10.   Its density increases.

11.   Density has not only to do with the mass of the atoms that make up a material, but with the spacing between the atoms as well. The atoms of the metal osmium, for example, are not as massive as uranium atoms, but due to their close spacing they make up the densest of the metals. Uranium atoms are not as closely spaced as osmium atoms.

12.   Aluminum has more volume because it is less dense.

13.   Water is denser, so a liter of water weighs more than a liter of ice. (Once a liter of water freezes, its volume is greater than 1 liter.)

14.   For one thing, drop both on a steel anvil. The steel ball will bounce higher.

15.   The top part of the spring supports the entire weight of the spring and stretches more than, say the middle, which only supports half the weight and stretches half as far. Parts of the spring toward the bottom support very little of the spring’s weight and hardly stretch at all.

16.   All parts of the spring would stretch more nearly the same because the lower part of the spring would be supporting nearly as much weight as the upper part is supporting.

17.   A twice-as-thick rope has four times the cross-section and is therefore four times as strong. The length of the rope does not contribute to its strength. (Remember the old adage, a chain is only as strong as its weakest linkthe strength of the chain has to do with the thickness of the links, not the length of the chain.)

18.   The concave side is under compression; the convex side is under tension.

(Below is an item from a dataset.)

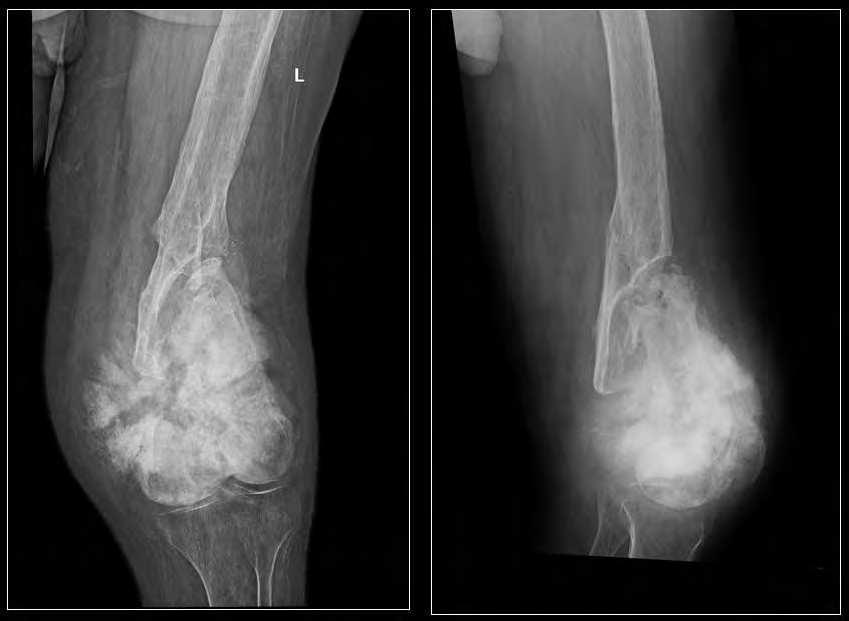 Imaging Osteosarcoma 53 Fig. 13. AP and lateral radiographs of the lower femur of 76 year old man that had suffered from chronic osteomyelitis for some years.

19.   Case 1: Tension at the top                                              Case 2: Compression at the top
                          and compression at the bottom.                                    and tension at the bottom.


20.   Concrete undergoes compression well, but not tension. So the steel rods should be in the part of the slab that is under tension, the top part.

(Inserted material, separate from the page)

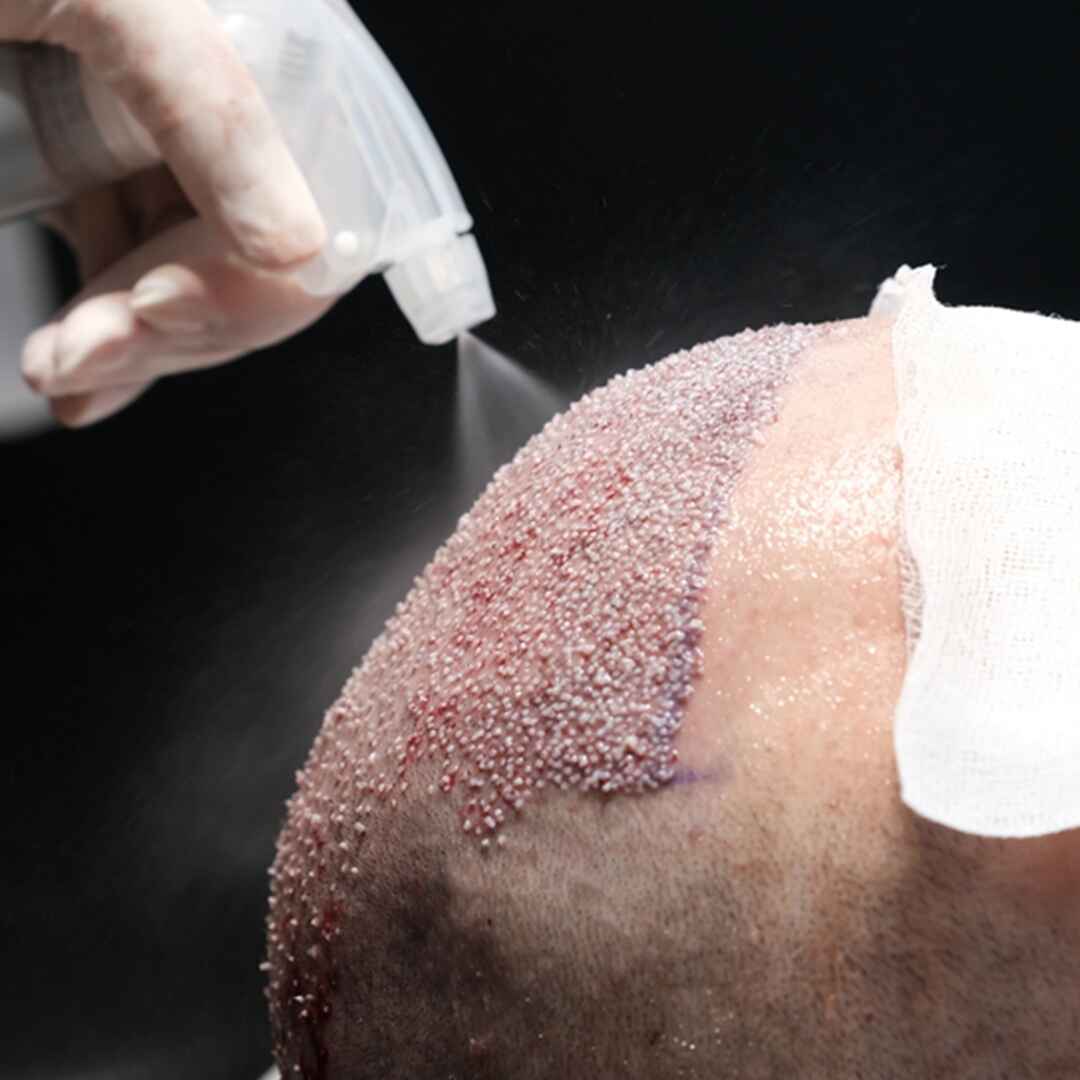 Advanced Hair Transplant (3)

21.   A horizontal I-beam is stronger when the web is vertical because most of the material is where it is needed for the most strength, in the top and bottom flanges. When supporting a load, one flange will be under tension and the other flange under compression. But when the web is horizontal, only the edges of the flanges, much smaller than the flanges themselves, play these important roles.

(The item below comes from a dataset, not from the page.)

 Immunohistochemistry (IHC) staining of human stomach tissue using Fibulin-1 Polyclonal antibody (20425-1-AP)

22.   The design to the left is better because the weight of water against the dam puts compression on the dam. Compression tends to jam the parts of the dam together, with added strength like the compression on an arch. The weight of water puts tension on the dam at the right, which tends to separate the parts of the dam.

23.   Like the dams in the preceding exercise, the ends should be concave as on the left. Then the pressure due to the wine inside produces compression on the ends that strengthens rather than weakens the barrel. If the ends are convex as on the right, the pressure due to the wine inside produces tension, which tends to separate the boards that make up the ends.

24.   A triangle is the most rigid of geometrical structures. Consider nailing four sticks together to form a rectangle, for example. It doesn’t take much effort to distort the rectangle so that it collapses to form a parallelogram. But a triangle made by nailing three sticks together cannot collapse to form a tighter shape. When strength is important, triangles are used. That’s why you see them in the construction of so many things.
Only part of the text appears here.